ALMATY, Kazakhstan – An Iranian satellite launched by Russia blasted off from Kazakhstan early Tuesday and entered orbit amid controversy that Moscow could use it to monitor military targets in Ukraine.

A live feed from Russian space agency Roscosmos showed the launch of the Soyuz-2.1b rocket carrying the Khayyam satellite from the Russian-controlled Baikonur Cosmodrome at the scheduled time of 0552 GMT.

Russian Mission Control confirmed its subsequent entry into orbit.

Iran, which has maintained ties with Moscow and refrained from criticizing the Ukraine invasion, has sought to dispel suspicions that Moscow could use Khayyam to spy on Ukraine.

Last week, US daily The Washington Post quoted unnamed Western intelligence officials as saying that Russia “plans to use satellites for several months or longer” to aid its war effort before allowing Iran to take control.

But Iran’s space agency said on Sunday that the Islamic Republic would control the Khayyam satellite “from day one”.

“No third country is able to access the information sent by the satellite due to its “encrypted algorithm,” it said.

Khayyam aims to “monitor country borders,” increase agricultural productivity and monitor water resources and natural disasters, the space agency said.

In a pre-launch statement Monday, the ISA praised the “high-reliability component of the Soyuz launcher.”

“Due to the weight of the Khayyam satellite exceeding half a ton and the extremely high success rate of the Soyuz launcher, the launch of the Khayyam satellite has been entrusted to Russia,” a statement on the space agency’s website said.

As Moscow’s international isolation grows under the weight of Western sanctions on Ukraine, the Kremlin is trying to pivot Russia to the Middle East, Asia and Africa and find new customers for the country’s troubled space program.

Russian President Vladimir Putin met with his Iranian counterpart Ibrahim Raisi and Supreme Leader Ayatollah Ali Khamenei in Tehran last month – one of the few foreign trips he has made since the invasion began.

Supreme Leader Ayatollah Ali Khamenei, center, and Russian President Vladimir Putin, left, greet each other as Iranian President Ibrahim Raisi, right, stands in Tehran, Iran, on July 19, 2022. (Office of Iran’s Supreme Leader via AP)

‘Long Term Cooperation’

Khayyam, named after the 11th-century Persian polymath Omar Khayyam, would not be the first Iranian satellite launched by Russia. In 2005, Iran’s Sina-1 satellite was launched from Russia’s Plesetsk Cosmodrome.

Iran is currently negotiating with world powers, including Moscow, to save a 2015 deal aimed at reining in Tehran’s nuclear ambitions.

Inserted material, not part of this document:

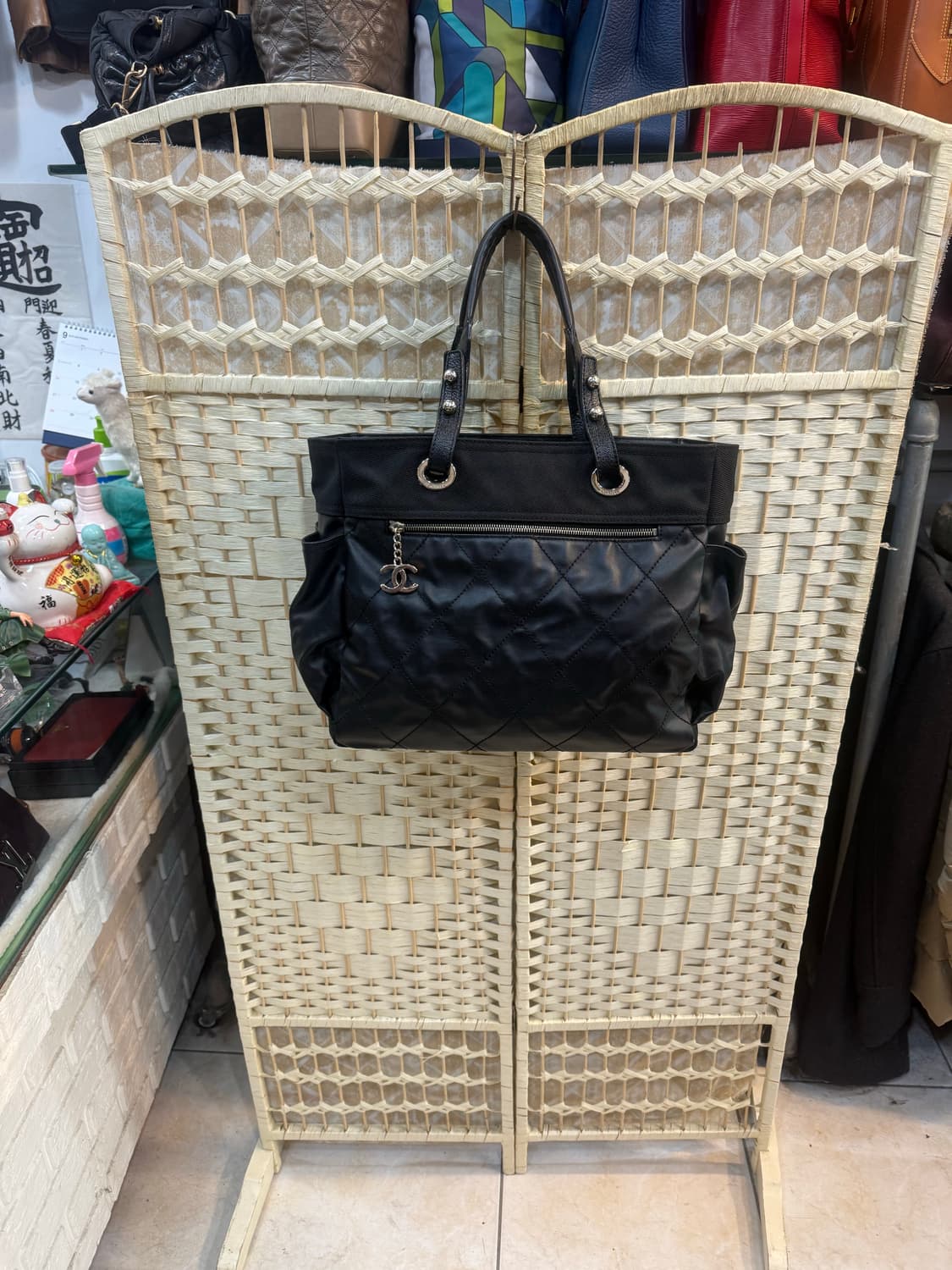 정품 샤넬 비아리츠 투포켓 라지 숄더백 팝니다 상품이미지1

The United States – which abandoned the landmark Joint Comprehensive Plan of Action, or JCPOA, in 2018 under then-President Donald Trump – has accused Iran of effectively supporting Russia’s war against Ukraine while adopting a “veil of neutrality”.

During his meeting with Putin last month, Iran’s Khamenei called for “long-term cooperation” with Russia, and Tehran has refused to join international protests against Moscow’s invasion of its pro-Western neighbour.

Iran maintains that its space program is for civilian and defense purposes only and does not violate the 2015 nuclear deal or any other international agreement.

Western governments worry that the satellite launch systems include technology used in ballistic missiles capable of delivering nuclear weapons, which Iran has always denied it wants to build.

Iran successfully put its first military satellite into orbit in April 2020, prompting strong protests from the United States.